June 4, 1947 - According to the diary kept be Dr. Albert Crary, the man in charge of the balloon experiments in New Mexico: Out to Tularosa Range and fired charges between 00 and 06 this am. No balloon flight again on account of clouds. Flew regular sonobuoy up in cluster of balloons and had good luck on receiver on ground but poor on plane. Out with Thompson pm. Shot charges from 1800 to 2400.

So we have contradictory accounts here in the only documented source. Charles Moore, who was with Crary on these tests wrote, "My examination of his original handwritten entries suggests that he copied from other notes; the entries from June 2 through the first half of June 5 appear to have been written in one sitting with the same pencil and without any corrections or false starts."

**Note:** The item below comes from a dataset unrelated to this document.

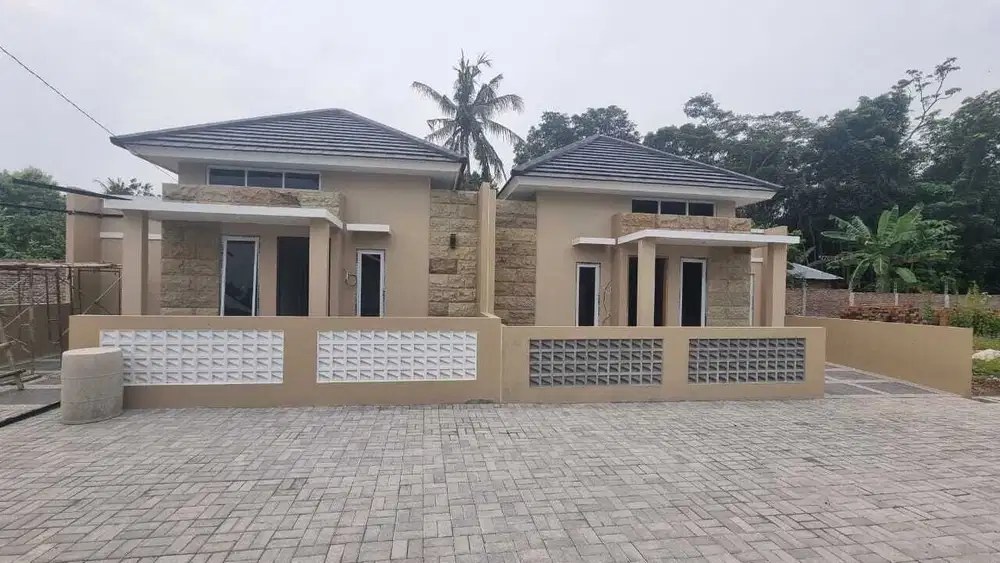 Rumah Minimalis di CLUSTER BANTAR TAMAN MADANI 2 Sentolo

This is really unhelpful because the key Mogul launch is that of Flight No. 4, that is, the June 4 launch. The remains of the other balloon launches were recovered or spotted. The next possible culprit, Flight No. 9, turns out was not a viable alternative, leaving, for the Project Mogul crowd, only Flight No. 4.

What this means is that the flight, which Moore said he remembered got close to Arabella, NM, and which he used winds aloft data to attempt to plot a course some fifty years later, might have come down on the Brazel (Foster) ranch. It would have fallen late on June 4 or early on June 5. It must be stated here that Moore’s calculations take it no closer than 17 miles of the recovery area which, of course, only puts it in the area and not down where Brazel found debris.

June 14, 1947 - According to the article published in the Roswell Daily Record, Brazel said that he and his 8-year-old son were on the range some seven or eight miles from the ranch house when they found the debris.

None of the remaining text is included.